─── Dataset
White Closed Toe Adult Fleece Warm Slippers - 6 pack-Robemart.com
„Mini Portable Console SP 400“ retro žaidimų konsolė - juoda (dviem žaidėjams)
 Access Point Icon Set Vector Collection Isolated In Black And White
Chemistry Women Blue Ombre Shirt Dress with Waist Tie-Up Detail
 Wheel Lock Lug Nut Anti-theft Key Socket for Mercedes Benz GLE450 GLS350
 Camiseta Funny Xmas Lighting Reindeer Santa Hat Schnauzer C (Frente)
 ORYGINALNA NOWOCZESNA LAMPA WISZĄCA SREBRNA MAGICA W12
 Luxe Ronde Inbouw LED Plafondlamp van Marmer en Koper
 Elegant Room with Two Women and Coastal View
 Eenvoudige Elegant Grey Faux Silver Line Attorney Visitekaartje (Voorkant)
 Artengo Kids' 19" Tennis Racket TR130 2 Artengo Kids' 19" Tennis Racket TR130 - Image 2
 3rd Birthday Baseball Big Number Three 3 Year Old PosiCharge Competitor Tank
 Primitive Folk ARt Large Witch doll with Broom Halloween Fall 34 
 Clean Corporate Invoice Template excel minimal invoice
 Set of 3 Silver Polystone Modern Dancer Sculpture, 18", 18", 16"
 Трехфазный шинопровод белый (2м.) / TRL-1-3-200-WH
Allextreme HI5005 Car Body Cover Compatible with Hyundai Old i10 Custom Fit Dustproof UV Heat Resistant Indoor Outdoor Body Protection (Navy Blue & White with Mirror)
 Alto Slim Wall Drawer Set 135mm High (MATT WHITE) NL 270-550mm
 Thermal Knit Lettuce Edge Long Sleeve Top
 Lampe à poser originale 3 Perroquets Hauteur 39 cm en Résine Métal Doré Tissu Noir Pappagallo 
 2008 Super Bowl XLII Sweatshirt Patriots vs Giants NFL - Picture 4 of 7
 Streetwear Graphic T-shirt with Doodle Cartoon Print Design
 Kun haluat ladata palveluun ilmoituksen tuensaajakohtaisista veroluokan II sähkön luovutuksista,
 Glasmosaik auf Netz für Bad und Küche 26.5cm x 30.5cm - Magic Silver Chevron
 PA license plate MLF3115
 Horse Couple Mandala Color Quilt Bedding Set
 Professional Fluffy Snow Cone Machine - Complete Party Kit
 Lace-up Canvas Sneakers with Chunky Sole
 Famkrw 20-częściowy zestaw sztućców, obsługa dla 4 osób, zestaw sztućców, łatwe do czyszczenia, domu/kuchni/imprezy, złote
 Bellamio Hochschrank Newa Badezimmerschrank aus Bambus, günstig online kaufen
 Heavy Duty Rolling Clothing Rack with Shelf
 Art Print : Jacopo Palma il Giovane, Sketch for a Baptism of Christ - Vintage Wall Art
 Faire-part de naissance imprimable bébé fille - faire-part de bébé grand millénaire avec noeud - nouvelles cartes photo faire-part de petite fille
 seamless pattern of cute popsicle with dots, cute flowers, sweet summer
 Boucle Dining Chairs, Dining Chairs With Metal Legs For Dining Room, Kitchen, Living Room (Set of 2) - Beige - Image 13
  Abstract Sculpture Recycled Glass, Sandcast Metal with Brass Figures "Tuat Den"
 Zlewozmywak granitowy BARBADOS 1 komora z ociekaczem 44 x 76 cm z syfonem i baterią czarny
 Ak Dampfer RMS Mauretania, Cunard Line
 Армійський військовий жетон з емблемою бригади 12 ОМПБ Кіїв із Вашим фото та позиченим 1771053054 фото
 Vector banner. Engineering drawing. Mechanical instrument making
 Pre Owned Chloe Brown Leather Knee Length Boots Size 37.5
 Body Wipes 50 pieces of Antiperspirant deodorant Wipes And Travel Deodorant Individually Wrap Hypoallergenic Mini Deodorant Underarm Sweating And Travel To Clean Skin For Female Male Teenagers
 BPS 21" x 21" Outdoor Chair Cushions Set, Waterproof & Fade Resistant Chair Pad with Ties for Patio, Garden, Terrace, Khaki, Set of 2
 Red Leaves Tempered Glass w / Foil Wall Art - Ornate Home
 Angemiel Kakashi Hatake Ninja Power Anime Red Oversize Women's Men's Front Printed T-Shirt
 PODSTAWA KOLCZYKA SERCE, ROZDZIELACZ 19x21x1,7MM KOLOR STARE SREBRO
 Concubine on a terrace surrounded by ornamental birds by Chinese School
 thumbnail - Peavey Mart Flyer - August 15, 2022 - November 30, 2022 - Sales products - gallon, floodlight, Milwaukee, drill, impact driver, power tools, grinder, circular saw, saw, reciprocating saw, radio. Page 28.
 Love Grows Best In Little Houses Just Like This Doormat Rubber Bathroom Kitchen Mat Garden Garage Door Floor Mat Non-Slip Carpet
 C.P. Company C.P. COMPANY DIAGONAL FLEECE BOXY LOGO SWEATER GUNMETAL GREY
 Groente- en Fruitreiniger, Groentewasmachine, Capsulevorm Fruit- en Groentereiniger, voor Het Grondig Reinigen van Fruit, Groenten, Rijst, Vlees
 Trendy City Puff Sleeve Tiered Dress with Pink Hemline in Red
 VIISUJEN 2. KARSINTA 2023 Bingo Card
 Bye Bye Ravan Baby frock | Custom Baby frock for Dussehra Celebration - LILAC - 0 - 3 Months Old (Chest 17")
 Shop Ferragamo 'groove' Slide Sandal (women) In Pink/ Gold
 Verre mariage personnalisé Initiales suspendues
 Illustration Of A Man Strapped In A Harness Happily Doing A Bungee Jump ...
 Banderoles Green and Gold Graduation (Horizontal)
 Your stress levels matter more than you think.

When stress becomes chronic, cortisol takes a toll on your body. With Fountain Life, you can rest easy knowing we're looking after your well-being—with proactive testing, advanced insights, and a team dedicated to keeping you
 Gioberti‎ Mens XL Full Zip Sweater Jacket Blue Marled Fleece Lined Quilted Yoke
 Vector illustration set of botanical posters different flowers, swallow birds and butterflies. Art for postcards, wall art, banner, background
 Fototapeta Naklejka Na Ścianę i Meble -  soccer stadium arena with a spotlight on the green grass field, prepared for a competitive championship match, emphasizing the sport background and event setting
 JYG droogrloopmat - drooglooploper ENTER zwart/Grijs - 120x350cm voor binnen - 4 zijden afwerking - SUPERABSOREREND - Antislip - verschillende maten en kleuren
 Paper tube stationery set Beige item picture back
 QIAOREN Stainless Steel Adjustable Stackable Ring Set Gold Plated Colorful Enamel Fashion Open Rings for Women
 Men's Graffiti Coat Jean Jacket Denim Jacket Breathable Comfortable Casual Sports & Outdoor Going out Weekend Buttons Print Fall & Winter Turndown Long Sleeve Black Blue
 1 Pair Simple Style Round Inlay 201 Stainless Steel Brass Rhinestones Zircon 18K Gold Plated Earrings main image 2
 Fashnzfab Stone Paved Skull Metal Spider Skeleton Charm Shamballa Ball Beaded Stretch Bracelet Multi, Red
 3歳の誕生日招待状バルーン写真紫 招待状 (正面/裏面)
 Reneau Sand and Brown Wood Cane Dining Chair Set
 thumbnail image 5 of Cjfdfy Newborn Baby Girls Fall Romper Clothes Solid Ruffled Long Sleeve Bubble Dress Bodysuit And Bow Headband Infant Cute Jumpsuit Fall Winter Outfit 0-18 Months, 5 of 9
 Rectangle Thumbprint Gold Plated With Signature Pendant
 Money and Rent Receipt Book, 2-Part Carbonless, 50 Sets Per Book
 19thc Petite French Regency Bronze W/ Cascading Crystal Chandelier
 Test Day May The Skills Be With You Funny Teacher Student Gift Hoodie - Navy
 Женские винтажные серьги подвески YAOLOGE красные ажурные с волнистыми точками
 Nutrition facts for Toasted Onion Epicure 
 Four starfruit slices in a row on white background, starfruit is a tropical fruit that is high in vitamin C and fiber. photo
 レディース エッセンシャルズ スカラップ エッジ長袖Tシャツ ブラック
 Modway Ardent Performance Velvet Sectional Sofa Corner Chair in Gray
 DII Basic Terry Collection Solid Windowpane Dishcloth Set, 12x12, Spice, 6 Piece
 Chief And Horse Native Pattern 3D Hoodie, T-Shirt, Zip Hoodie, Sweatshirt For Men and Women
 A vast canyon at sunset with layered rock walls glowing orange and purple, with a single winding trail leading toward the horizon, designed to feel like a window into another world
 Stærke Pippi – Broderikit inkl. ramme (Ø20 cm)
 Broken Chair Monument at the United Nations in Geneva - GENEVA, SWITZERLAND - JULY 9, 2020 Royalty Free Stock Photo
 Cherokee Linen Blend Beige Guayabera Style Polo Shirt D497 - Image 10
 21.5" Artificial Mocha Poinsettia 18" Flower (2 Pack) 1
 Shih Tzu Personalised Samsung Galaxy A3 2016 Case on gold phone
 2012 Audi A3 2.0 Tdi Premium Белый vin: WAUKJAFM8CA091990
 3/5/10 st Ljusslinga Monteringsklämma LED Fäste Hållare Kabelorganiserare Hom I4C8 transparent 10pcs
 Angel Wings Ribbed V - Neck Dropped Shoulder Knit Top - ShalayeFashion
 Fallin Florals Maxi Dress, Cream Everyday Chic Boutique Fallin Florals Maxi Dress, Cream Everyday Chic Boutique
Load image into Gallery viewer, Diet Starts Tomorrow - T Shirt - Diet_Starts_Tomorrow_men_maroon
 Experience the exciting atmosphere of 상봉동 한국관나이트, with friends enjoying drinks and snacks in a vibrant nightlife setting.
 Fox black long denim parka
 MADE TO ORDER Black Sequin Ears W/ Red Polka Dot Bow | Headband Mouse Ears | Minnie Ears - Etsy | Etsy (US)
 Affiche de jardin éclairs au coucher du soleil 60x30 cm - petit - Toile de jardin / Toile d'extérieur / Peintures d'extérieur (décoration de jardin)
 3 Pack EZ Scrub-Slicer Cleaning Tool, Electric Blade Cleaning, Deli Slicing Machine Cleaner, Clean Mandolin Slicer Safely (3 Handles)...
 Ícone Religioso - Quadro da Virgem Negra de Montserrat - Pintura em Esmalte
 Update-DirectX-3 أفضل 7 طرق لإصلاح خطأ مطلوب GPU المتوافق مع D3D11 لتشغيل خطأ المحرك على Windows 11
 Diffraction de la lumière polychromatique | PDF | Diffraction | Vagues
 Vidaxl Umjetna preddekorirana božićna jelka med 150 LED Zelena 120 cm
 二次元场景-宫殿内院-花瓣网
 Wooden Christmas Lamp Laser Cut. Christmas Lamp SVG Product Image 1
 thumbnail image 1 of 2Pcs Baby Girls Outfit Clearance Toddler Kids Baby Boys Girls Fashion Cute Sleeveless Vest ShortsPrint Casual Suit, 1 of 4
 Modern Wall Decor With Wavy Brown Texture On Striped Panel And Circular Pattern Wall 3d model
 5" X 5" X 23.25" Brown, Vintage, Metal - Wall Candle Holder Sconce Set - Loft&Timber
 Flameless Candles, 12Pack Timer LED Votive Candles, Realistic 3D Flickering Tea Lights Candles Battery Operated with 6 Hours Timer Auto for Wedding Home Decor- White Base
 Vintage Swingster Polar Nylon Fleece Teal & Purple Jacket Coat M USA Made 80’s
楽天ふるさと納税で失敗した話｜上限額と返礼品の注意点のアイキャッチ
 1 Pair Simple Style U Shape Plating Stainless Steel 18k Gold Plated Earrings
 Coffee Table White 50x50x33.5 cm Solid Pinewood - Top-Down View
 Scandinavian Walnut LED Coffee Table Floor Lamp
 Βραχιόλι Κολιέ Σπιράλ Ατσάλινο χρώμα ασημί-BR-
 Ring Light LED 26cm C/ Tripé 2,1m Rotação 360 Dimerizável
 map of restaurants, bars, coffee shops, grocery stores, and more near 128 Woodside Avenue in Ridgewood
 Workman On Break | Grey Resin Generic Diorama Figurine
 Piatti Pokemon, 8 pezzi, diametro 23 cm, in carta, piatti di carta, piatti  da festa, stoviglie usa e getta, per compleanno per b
──────
- What you need to do:
The expected output is one number, the tally of lines above containing "Silver".

- Answer to this task:
3